Namun, BRICS juga menghadapi tantangan ideologis internal. China, sebagai negara sosialis dengan ekonomi terpusat, memiliki visi yang berbeda dengan India, yang lebih kapitalis dan berorientasi pasar bebas. Rusia, dengan pendekatan ekonomi otoriter, menambah kompleksitas ini.
Oleh karena itu, meskipun BRICS secara kolektif dianggap sebagai antitesis ekonomi Barat, perbedaan ideologi antar anggotanya dapat menjadi hambatan dalam mencapai visi bersama.
Kebijakan Pemerintahan Prabowo: Alasan dan Strategi
Keputusan pemerintahan Prabowo untuk bergabung dengan BRICS didasarkan pada beberapa pertimbangan strategis.

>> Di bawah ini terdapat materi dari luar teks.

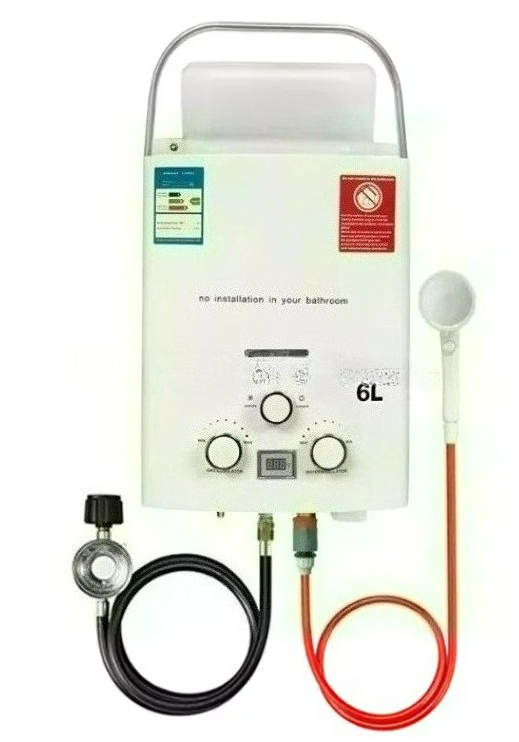 Outdoor Camping Hot Water Shower - Aquecedor de Água a Gás Propano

Pertama, Indonesia melihat peluang untuk meningkatkan diversifikasi pasar dan mengurangi ketergantungan pada negara-negara Barat, terutama di tengah ketidakpastian ekonomi global akibat pandemi COVID-19 dan perang dagang AS-China.

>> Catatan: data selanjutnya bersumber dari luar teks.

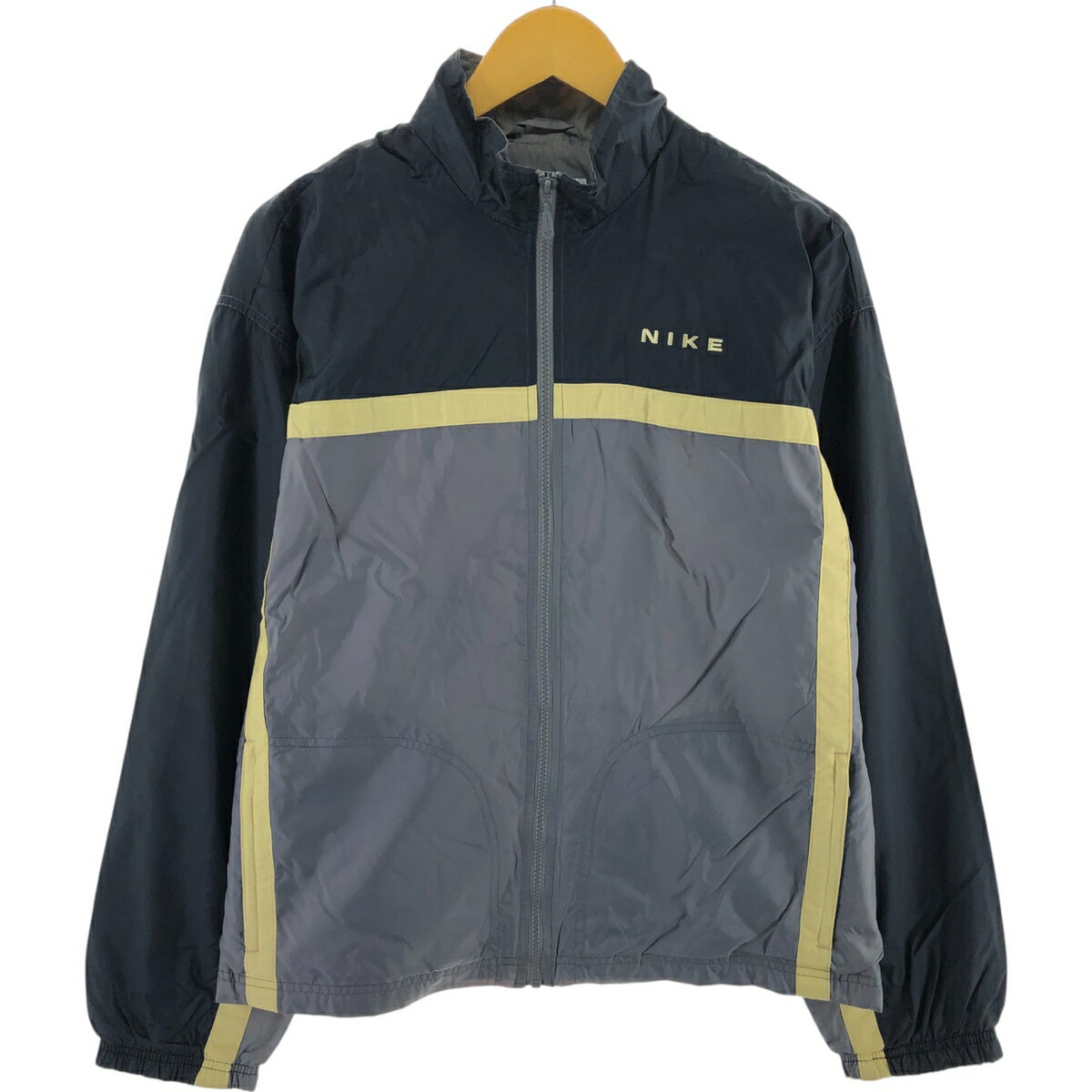 乐天商城 - 古着 90'S ナイキ NIKE バックロゴ ナイロンジャケット メンズM相当 ヴィンテージ /eaa514086 【中古】 【250209】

BRICS menawarkan akses ke pasar negara berkembang yang sedang tumbuh, seperti China dan India, yang menjadi mitra dagang utama Indonesia.

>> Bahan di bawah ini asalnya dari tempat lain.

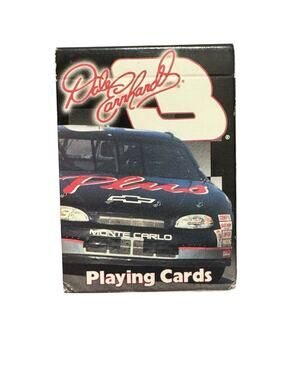 Dale Earnhardt Bicycle Playing Cards Vintage 90s Nascar Racing Goodwrench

Kedua, bergabung dengan BRICS memberikan Indonesia kesempatan untuk memperkuat pengaruhnya dalam ekonomi global.
Sebagai anggota G20, Indonesia memiliki posisi strategis, tetapi keanggotaannya di BRICS dapat memberikan platform tambahan untuk mempromosikan kepentingan nasional di arena internasional.
Langkah ini juga mencerminkan ambisi Prabowo untuk memperluas peran Indonesia sebagai pemimpin di kawasan Asia Tenggara.
Ketiga, keputusan ini dapat dilihat sebagai langkah pragmatis untuk menyeimbangkan hubungan antara Barat dan Timur.
Dengan tetap mempertahankan hubungan baik dengan negara-negara Barat, Indonesia juga dapat memanfaatkan kemitraan dengan BRICS untuk meningkatkan daya tawar dalam negosiasi internasional.